WHAT IS BEING ASKED: If a line of the records holds the word "right", copy it out.

MATERIAL FOR THIS EXERCISE:
————————

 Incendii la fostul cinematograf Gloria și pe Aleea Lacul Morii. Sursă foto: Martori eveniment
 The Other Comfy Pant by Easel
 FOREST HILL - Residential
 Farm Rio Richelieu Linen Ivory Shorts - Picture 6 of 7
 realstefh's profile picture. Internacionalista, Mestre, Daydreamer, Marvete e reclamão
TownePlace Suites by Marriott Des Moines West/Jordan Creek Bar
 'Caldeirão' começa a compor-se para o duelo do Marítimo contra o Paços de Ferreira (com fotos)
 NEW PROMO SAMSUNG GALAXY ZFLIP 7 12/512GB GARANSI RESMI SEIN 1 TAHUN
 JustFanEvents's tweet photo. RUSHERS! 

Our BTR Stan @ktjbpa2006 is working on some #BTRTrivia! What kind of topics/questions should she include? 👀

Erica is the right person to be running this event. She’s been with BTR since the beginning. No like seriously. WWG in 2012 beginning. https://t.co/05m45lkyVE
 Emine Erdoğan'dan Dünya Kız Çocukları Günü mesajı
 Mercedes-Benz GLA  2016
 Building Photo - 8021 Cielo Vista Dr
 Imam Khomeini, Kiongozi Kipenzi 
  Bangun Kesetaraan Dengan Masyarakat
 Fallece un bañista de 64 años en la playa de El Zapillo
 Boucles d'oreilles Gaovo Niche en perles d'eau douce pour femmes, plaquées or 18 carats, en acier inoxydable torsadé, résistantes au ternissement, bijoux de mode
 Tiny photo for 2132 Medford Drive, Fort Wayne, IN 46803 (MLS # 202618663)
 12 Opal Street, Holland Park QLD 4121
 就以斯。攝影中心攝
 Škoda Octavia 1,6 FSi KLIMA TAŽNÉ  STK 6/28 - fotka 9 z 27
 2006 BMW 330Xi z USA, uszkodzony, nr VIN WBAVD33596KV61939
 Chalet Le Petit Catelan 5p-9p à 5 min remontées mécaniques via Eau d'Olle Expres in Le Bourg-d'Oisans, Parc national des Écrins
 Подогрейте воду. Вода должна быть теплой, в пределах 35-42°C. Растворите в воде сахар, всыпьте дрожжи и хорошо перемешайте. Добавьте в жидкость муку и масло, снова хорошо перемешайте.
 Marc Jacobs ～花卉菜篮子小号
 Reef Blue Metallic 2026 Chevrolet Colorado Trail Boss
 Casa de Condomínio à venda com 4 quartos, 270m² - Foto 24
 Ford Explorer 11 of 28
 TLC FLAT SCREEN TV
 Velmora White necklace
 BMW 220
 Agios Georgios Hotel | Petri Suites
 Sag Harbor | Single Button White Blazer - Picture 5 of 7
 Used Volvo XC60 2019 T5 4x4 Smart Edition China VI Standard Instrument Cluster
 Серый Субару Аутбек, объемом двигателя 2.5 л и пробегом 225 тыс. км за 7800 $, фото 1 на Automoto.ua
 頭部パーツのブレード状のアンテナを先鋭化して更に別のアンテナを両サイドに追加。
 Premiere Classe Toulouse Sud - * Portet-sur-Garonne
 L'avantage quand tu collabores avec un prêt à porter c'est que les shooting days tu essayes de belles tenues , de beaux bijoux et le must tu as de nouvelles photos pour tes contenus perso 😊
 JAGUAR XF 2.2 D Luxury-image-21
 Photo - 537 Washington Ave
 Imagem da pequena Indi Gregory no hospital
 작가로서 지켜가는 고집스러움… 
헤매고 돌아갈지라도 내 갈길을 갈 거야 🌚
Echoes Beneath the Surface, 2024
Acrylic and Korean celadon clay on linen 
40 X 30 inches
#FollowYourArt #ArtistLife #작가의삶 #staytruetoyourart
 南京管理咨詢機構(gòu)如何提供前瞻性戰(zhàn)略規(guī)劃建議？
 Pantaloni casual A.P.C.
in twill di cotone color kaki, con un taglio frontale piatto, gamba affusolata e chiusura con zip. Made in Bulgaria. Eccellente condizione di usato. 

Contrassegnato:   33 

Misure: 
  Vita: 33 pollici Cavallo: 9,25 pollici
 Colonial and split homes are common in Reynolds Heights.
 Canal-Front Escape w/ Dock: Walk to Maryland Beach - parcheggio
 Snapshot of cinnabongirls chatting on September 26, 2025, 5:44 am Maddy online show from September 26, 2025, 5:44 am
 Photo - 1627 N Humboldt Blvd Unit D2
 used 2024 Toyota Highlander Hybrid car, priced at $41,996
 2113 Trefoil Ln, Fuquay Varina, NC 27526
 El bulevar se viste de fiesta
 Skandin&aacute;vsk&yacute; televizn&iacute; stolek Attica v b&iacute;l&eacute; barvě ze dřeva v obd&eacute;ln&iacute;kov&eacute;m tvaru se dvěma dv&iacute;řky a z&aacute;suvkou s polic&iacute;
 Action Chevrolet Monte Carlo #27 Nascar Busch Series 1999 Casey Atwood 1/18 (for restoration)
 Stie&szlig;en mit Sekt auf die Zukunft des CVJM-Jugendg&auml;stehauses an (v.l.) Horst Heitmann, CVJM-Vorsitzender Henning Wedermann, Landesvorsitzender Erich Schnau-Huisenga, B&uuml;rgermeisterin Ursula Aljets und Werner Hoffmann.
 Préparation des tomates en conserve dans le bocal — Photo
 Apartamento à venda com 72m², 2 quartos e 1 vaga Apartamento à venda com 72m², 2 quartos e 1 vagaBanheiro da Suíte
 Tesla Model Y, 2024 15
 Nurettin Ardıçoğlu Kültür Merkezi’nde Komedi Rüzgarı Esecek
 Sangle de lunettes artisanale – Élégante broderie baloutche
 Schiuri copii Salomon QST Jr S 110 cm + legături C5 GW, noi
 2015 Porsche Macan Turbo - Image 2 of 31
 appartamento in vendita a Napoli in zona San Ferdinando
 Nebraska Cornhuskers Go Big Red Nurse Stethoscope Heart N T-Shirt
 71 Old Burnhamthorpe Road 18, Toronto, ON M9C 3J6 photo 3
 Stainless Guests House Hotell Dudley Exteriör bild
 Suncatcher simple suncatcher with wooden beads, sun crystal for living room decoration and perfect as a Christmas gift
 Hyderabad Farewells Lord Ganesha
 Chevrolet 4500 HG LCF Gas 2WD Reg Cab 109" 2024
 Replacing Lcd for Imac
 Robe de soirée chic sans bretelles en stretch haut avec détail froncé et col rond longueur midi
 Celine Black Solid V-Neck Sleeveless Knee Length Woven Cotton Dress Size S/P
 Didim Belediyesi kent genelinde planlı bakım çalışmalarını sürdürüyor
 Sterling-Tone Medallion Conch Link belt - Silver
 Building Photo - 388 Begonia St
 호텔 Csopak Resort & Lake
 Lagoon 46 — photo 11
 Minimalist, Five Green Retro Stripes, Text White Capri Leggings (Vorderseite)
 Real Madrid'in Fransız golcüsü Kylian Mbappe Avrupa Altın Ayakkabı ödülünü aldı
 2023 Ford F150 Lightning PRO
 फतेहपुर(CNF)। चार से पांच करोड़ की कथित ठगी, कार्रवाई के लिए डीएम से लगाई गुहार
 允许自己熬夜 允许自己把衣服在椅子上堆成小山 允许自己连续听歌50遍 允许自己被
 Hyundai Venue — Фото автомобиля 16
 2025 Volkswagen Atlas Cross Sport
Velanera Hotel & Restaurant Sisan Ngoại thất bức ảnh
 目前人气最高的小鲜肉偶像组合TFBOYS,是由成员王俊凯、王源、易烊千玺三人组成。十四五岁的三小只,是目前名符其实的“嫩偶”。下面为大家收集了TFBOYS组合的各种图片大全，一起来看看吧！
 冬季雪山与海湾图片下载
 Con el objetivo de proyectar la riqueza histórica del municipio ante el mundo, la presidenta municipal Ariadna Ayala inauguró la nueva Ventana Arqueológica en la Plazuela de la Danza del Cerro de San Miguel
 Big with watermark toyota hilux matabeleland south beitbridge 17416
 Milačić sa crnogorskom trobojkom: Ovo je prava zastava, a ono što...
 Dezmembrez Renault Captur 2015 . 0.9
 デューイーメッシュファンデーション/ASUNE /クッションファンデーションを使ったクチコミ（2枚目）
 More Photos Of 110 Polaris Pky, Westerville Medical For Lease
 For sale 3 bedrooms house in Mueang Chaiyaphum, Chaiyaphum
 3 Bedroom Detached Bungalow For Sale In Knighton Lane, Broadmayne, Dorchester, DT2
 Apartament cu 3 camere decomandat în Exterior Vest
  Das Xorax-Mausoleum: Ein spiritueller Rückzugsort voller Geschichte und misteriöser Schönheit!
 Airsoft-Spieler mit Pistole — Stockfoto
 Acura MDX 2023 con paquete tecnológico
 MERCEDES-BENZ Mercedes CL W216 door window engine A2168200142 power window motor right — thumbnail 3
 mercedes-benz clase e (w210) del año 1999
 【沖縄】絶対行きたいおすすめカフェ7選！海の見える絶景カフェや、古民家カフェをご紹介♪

————————

EXPECTED ANSWER:
Erica is the right person to be running this event. She’s been with BTR since the beginning. No like seriously. WWG in 2012 beginning. https://t.co/05m45lkyVE
 MERCEDES-BENZ Mercedes CL W216 door window engine A2168200142 power window motor right — thumbnail 3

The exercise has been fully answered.